What to produce
Line by line, transcribe all of the entries exactly.

Data
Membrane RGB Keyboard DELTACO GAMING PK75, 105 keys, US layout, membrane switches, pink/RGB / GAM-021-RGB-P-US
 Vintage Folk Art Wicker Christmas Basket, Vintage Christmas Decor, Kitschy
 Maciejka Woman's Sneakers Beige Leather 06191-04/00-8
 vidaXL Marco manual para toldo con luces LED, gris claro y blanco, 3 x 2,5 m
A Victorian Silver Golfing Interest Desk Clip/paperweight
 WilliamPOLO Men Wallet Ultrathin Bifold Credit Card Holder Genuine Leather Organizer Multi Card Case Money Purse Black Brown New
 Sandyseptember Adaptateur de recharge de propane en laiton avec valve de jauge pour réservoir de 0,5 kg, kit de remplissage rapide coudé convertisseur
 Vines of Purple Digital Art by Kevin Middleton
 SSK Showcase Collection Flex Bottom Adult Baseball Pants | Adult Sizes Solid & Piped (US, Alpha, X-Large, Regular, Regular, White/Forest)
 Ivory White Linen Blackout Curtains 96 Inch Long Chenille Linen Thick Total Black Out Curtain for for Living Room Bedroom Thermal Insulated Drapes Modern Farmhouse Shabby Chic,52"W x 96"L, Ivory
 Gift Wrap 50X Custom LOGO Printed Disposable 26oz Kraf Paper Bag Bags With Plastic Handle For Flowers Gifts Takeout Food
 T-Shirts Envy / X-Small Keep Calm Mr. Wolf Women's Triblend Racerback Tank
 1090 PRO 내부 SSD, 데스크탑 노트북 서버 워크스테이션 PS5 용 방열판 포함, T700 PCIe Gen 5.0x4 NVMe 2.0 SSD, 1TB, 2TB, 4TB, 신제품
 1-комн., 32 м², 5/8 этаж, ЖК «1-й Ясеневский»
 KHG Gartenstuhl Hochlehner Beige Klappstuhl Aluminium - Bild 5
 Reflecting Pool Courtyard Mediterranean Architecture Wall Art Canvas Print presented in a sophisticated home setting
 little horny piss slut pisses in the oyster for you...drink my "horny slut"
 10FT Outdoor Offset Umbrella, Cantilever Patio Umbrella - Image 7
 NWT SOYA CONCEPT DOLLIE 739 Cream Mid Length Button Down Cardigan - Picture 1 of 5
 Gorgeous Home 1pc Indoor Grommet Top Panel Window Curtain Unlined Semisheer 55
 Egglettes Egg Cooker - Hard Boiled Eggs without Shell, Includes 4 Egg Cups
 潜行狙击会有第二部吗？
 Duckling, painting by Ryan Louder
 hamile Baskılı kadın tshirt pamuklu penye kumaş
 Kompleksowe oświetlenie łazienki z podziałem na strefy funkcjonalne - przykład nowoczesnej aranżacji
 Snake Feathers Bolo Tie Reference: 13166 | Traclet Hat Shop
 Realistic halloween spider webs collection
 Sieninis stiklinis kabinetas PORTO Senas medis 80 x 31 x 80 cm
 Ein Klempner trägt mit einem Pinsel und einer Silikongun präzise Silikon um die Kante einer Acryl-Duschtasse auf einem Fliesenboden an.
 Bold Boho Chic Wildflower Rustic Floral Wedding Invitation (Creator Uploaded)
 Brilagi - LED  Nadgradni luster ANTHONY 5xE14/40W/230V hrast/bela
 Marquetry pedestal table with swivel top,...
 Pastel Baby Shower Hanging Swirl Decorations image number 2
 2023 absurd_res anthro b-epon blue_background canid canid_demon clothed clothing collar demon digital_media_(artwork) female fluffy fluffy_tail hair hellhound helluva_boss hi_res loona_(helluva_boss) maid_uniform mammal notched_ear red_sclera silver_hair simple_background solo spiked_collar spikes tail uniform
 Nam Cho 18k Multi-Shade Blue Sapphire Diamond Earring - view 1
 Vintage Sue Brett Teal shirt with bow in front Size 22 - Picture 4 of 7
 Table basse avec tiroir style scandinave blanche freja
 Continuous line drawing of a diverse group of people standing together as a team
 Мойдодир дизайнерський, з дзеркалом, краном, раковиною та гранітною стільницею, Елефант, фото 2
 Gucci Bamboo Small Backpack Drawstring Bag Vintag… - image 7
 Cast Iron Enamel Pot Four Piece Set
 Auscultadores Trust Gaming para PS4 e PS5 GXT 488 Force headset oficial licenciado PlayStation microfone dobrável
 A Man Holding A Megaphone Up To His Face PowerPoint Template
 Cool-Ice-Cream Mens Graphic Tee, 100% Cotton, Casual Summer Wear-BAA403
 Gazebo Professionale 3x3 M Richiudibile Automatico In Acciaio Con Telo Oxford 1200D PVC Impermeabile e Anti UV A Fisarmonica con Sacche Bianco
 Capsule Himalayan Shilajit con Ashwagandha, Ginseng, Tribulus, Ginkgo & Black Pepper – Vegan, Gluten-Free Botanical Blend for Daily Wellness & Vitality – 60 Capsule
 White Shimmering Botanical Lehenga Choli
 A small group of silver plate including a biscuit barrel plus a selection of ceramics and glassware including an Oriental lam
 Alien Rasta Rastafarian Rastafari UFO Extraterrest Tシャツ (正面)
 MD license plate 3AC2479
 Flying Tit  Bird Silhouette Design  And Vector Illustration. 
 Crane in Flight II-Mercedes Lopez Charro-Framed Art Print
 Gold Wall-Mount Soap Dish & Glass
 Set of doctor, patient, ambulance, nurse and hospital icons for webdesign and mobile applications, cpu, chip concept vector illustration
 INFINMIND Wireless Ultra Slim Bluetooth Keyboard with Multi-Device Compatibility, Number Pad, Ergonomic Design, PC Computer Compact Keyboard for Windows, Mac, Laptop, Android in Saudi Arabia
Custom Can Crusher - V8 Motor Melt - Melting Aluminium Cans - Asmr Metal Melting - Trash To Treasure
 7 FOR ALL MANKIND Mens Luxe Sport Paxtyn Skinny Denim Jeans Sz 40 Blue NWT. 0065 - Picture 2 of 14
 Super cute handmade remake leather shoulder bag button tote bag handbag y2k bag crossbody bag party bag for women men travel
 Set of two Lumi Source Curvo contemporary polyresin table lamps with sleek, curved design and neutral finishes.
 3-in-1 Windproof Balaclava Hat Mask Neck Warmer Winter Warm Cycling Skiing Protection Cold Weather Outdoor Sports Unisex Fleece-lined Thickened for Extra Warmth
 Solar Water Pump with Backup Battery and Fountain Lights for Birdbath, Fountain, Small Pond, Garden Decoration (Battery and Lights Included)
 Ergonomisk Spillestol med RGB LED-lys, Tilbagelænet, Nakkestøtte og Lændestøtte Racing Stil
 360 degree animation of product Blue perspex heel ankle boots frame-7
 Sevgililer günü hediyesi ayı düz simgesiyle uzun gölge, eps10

Result for this exercise
Membrane RGB Keyboard DELTACO GAMING PK75, 105 keys, US layout, membrane switches, pink/RGB / GAM-021-RGB-P-US
 Vintage Folk Art Wicker Christmas Basket, Vintage Christmas Decor, Kitschy
 Maciejka Woman's Sneakers Beige Leather 06191-04/00-8
 vidaXL Marco manual para toldo con luces LED, gris claro y blanco, 3 x 2,5 m
A Victorian Silver Golfing Interest Desk Clip/paperweight
 WilliamPOLO Men Wallet Ultrathin Bifold Credit Card Holder Genuine Leather Organizer Multi Card Case Money Purse Black Brown New
 Sandyseptember Adaptateur de recharge de propane en laiton avec valve de jauge pour réservoir de 0,5 kg, kit de remplissage rapide coudé convertisseur
 Vines of Purple Digital Art by Kevin Middleton
 SSK Showcase Collection Flex Bottom Adult Baseball Pants | Adult Sizes Solid & Piped (US, Alpha, X-Large, Regular, Regular, White/Forest)
 Ivory White Linen Blackout Curtains 96 Inch Long Chenille Linen Thick Total Black Out Curtain for for Living Room Bedroom Thermal Insulated Drapes Modern Farmhouse Shabby Chic,52"W x 96"L, Ivory
 Gift Wrap 50X Custom LOGO Printed Disposable 26oz Kraf Paper Bag Bags With Plastic Handle For Flowers Gifts Takeout Food
 T-Shirts Envy / X-Small Keep Calm Mr. Wolf Women's Triblend Racerback Tank
 1090 PRO 내부 SSD, 데스크탑 노트북 서버 워크스테이션 PS5 용 방열판 포함, T700 PCIe Gen 5.0x4 NVMe 2.0 SSD, 1TB, 2TB, 4TB, 신제품
 1-комн., 32 м², 5/8 этаж, ЖК «1-й Ясеневский»
 KHG Gartenstuhl Hochlehner Beige Klappstuhl Aluminium - Bild 5
 Reflecting Pool Courtyard Mediterranean Architecture Wall Art Canvas Print presented in a sophisticated home setting
 little horny piss slut pisses in the oyster for you...drink my "horny slut"
 10FT Outdoor Offset Umbrella, Cantilever Patio Umbrella - Image 7
 NWT SOYA CONCEPT DOLLIE 739 Cream Mid Length Button Down Cardigan - Picture 1 of 5
 Gorgeous Home 1pc Indoor Grommet Top Panel Window Curtain Unlined Semisheer 55
 Egglettes Egg Cooker - Hard Boiled Eggs without Shell, Includes 4 Egg Cups
 潜行狙击会有第二部吗？
 Duckling, painting by Ryan Louder
 hamile Baskılı kadın tshirt pamuklu penye kumaş
 Kompleksowe oświetlenie łazienki z podziałem na strefy funkcjonalne - przykład nowoczesnej aranżacji
 Snake Feathers Bolo Tie Reference: 13166 | Traclet Hat Shop
 Realistic halloween spider webs collection
 Sieninis stiklinis kabinetas PORTO Senas medis 80 x 31 x 80 cm
 Ein Klempner trägt mit einem Pinsel und einer Silikongun präzise Silikon um die Kante einer Acryl-Duschtasse auf einem Fliesenboden an.
 Bold Boho Chic Wildflower Rustic Floral Wedding Invitation (Creator Uploaded)
 Brilagi - LED  Nadgradni luster ANTHONY 5xE14/40W/230V hrast/bela
 Marquetry pedestal table with swivel top,...
 Pastel Baby Shower Hanging Swirl Decorations image number 2
 2023 absurd_res anthro b-epon blue_background canid canid_demon clothed clothing collar demon digital_media_(artwork) female fluffy fluffy_tail hair hellhound helluva_boss hi_res loona_(helluva_boss) maid_uniform mammal notched_ear red_sclera silver_hair simple_background solo spiked_collar spikes tail uniform
 Nam Cho 18k Multi-Shade Blue Sapphire Diamond Earring - view 1
 Vintage Sue Brett Teal shirt with bow in front Size 22 - Picture 4 of 7
 Table basse avec tiroir style scandinave blanche freja
 Continuous line drawing of a diverse group of people standing together as a team
 Мойдодир дизайнерський, з дзеркалом, краном, раковиною та гранітною стільницею, Елефант, фото 2
 Gucci Bamboo Small Backpack Drawstring Bag Vintag… - image 7
 Cast Iron Enamel Pot Four Piece Set
 Auscultadores Trust Gaming para PS4 e PS5 GXT 488 Force headset oficial licenciado PlayStation microfone dobrável
 A Man Holding A Megaphone Up To His Face PowerPoint Template
 Cool-Ice-Cream Mens Graphic Tee, 100% Cotton, Casual Summer Wear-BAA403
 Gazebo Professionale 3x3 M Richiudibile Automatico In Acciaio Con Telo Oxford 1200D PVC Impermeabile e Anti UV A Fisarmonica con Sacche Bianco
 Capsule Himalayan Shilajit con Ashwagandha, Ginseng, Tribulus, Ginkgo & Black Pepper – Vegan, Gluten-Free Botanical Blend for Daily Wellness & Vitality – 60 Capsule
 White Shimmering Botanical Lehenga Choli
 A small group of silver plate including a biscuit barrel plus a selection of ceramics and glassware including an Oriental lam
 Alien Rasta Rastafarian Rastafari UFO Extraterrest Tシャツ (正面)
 MD license plate 3AC2479
 Flying Tit  Bird Silhouette Design  And Vector Illustration. 
 Crane in Flight II-Mercedes Lopez Charro-Framed Art Print
 Gold Wall-Mount Soap Dish & Glass
 Set of doctor, patient, ambulance, nurse and hospital icons for webdesign and mobile applications, cpu, chip concept vector illustration
 INFINMIND Wireless Ultra Slim Bluetooth Keyboard with Multi-Device Compatibility, Number Pad, Ergonomic Design, PC Computer Compact Keyboard for Windows, Mac, Laptop, Android in Saudi Arabia
Custom Can Crusher - V8 Motor Melt - Melting Aluminium Cans - Asmr Metal Melting - Trash To Treasure
 7 FOR ALL MANKIND Mens Luxe Sport Paxtyn Skinny Denim Jeans Sz 40 Blue NWT. 0065 - Picture 2 of 14
 Super cute handmade remake leather shoulder bag button tote bag handbag y2k bag crossbody bag party bag for women men travel
 Set of two Lumi Source Curvo contemporary polyresin table lamps with sleek, curved design and neutral finishes.
 3-in-1 Windproof Balaclava Hat Mask Neck Warmer Winter Warm Cycling Skiing Protection Cold Weather Outdoor Sports Unisex Fleece-lined Thickened for Extra Warmth
 Solar Water Pump with Backup Battery and Fountain Lights for Birdbath, Fountain, Small Pond, Garden Decoration (Battery and Lights Included)
 Ergonomisk Spillestol med RGB LED-lys, Tilbagelænet, Nakkestøtte og Lændestøtte Racing Stil
 360 degree animation of product Blue perspex heel ankle boots frame-7
 Sevgililer günü hediyesi ayı düz simgesiyle uzun gölge, eps10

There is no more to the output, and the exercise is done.